Thursday, May 15, 2008

Reading For Oneself

My Reading Declaration in Brief
Chapter One: "Reading for Oneself"

"it's not poetry we need in this class war."
Tony Harrison, v.

Whatever you read, however you read, whenever you read, you should read primarily for yourself. Whether that means you read for pleasure or for education, for moral edification or for aesthetic analysis, for spiritual nourishment or for entertainment, for career necessity or merely to pass the time, you read for yourself. Your experience with the book is going to be largely solitary. You do not have to justify your reading to anybody else. You do not have to explain how or why you read to anybody else. What you choose to read is for you, and you needn't feel guilty if anybody else disapproves. And if you are ever required to read something, you should still read for yourself: the person requiring you to read cannot gain anything from your time with the book, but you can, and in a year it will not matter to that person whether you read a particular assigned book, but it may still matter to you.

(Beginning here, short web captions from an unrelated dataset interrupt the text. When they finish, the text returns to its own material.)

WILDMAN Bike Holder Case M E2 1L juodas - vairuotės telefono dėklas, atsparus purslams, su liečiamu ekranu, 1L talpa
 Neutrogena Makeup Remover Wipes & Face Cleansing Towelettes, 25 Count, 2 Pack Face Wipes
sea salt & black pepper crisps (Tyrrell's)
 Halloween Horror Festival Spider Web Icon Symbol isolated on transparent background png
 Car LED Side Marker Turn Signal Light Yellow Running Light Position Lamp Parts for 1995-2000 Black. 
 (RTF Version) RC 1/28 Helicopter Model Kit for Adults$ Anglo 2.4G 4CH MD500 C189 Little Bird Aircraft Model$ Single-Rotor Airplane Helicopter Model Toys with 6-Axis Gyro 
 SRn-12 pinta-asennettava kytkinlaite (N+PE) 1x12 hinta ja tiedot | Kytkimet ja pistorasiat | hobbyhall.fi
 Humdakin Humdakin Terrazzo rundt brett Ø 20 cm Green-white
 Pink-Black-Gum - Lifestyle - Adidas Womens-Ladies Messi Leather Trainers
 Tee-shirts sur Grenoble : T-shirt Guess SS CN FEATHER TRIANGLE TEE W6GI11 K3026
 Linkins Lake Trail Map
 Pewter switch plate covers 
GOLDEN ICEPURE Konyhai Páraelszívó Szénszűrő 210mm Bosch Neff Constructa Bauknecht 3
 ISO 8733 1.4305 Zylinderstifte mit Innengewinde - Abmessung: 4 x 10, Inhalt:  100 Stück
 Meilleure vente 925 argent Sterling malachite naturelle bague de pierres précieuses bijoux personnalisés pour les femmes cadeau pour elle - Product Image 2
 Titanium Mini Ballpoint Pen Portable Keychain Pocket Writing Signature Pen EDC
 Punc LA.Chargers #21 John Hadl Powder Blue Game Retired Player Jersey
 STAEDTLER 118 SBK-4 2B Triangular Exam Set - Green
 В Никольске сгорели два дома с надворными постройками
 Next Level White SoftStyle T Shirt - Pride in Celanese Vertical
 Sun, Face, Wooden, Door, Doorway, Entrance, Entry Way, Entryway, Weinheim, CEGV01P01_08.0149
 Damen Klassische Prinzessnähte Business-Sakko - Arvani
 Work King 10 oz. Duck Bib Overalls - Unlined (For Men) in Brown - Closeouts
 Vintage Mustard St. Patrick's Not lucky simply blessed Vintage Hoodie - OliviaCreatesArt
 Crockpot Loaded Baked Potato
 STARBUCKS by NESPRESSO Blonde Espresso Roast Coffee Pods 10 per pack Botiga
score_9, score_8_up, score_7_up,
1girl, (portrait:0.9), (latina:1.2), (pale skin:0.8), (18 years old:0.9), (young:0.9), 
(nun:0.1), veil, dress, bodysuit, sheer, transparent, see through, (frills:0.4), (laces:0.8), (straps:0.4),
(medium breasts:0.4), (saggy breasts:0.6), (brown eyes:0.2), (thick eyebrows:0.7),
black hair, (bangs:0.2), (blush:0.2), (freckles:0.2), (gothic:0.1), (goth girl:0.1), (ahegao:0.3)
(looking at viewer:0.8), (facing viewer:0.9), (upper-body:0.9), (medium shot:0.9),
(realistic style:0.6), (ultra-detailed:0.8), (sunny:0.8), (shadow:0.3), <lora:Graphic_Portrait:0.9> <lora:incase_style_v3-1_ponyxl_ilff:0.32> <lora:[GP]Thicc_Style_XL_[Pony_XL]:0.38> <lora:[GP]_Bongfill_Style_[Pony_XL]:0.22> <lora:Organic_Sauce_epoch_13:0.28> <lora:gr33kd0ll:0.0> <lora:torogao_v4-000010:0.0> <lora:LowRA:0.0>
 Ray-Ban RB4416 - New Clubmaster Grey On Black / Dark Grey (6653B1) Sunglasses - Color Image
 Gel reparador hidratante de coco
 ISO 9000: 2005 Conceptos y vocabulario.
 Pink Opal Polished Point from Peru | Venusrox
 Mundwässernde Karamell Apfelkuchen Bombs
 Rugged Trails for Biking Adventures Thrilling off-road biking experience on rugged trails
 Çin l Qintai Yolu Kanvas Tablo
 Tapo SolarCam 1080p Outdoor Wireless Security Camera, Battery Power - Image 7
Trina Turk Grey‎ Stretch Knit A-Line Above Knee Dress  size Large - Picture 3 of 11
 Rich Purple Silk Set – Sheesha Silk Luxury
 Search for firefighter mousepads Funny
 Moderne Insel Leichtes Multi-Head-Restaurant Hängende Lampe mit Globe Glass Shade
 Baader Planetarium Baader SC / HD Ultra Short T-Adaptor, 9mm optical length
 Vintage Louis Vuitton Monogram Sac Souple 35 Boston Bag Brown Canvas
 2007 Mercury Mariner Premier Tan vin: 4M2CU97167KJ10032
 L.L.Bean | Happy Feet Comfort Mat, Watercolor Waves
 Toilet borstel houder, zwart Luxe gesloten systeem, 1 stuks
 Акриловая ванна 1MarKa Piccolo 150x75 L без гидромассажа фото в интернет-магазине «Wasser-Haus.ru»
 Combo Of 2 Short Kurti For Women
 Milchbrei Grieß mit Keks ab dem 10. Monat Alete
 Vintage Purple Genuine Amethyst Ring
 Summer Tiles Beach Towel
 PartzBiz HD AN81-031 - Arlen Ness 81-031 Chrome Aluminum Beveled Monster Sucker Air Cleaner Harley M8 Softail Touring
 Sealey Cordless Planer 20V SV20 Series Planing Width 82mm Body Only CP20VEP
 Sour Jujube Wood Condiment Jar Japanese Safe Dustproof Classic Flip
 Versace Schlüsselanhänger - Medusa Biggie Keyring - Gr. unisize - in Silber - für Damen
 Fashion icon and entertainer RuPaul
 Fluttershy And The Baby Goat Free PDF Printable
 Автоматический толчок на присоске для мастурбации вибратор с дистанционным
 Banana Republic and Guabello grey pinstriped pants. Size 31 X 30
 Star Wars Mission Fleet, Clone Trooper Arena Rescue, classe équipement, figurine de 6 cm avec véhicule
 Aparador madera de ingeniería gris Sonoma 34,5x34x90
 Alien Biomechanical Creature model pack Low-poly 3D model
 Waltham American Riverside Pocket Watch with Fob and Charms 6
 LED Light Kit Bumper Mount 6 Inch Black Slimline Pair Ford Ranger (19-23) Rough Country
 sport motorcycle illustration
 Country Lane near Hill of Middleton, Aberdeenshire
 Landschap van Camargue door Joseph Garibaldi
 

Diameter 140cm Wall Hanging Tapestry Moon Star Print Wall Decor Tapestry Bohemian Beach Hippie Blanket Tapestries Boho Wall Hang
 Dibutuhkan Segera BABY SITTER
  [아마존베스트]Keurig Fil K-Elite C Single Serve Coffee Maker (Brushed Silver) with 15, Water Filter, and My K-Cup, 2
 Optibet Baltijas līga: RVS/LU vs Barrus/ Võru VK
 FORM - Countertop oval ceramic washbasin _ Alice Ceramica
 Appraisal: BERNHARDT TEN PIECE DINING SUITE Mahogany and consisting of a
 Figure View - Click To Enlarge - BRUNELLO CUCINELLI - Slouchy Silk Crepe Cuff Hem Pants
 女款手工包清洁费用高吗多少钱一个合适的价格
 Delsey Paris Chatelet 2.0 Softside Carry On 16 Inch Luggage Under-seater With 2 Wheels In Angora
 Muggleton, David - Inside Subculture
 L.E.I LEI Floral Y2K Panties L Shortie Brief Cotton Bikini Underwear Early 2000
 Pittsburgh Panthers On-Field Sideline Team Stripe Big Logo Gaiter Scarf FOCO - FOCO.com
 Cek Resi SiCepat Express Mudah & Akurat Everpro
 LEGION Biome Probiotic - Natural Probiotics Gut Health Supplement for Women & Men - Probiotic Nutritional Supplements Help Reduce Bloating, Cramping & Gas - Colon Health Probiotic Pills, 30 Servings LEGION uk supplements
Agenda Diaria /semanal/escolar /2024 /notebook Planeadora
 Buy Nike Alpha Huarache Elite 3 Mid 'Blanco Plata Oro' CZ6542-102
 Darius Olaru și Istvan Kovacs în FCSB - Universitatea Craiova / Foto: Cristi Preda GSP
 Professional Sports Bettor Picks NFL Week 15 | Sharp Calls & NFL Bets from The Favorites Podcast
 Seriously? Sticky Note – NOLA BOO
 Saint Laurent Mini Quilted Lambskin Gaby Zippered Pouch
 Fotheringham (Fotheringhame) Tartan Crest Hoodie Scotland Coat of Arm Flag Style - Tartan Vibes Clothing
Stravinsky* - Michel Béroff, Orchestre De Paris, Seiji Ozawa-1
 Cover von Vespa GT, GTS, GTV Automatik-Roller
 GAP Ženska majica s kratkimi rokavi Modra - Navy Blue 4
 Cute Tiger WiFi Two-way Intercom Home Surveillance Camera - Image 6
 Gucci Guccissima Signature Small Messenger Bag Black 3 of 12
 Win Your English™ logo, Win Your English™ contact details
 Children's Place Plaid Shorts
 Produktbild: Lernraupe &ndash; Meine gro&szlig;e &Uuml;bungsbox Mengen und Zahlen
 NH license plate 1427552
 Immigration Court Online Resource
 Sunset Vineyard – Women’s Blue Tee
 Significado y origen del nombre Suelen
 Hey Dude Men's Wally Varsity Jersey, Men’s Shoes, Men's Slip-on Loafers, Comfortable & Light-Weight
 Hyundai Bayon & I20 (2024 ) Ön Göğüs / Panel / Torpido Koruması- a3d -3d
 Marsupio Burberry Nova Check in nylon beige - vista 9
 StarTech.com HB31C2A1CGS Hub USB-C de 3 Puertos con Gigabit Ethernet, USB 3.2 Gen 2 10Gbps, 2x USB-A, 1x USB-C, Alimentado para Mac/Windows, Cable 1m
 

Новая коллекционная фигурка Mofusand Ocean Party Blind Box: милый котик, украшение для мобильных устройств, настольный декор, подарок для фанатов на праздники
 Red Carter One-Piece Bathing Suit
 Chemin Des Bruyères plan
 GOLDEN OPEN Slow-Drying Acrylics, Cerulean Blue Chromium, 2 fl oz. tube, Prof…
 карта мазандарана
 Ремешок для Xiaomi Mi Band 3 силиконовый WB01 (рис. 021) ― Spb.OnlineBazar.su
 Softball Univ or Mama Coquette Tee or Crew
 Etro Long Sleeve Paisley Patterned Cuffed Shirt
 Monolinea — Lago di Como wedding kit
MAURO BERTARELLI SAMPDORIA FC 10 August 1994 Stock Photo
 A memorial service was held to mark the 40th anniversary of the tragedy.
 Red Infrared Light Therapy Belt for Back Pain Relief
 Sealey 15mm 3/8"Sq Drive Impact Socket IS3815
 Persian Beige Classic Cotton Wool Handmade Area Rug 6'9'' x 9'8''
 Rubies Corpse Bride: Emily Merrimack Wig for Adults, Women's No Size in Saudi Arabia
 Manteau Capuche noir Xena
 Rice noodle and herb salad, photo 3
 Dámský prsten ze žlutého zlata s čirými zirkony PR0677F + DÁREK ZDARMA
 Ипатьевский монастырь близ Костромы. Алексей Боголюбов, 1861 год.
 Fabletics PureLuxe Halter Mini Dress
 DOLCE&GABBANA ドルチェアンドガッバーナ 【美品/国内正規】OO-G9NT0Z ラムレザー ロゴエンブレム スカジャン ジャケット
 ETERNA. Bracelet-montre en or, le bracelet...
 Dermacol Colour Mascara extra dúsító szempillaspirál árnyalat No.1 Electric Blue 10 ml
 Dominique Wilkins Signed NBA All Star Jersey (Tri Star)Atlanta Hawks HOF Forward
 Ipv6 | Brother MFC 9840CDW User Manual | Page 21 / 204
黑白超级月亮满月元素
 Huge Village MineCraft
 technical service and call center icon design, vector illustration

We are not alone as readers. We can share, discuss, argue, teach, learn. But that is separate from the experience of reading (though it may be a part of the book lingering with you long after you've put it down). It is unlikely you can help anybody else by reading--there are much better ways to help others. And we read as individuals: in the great variation of humanity, we find many ways to do most everything, and that includes reading.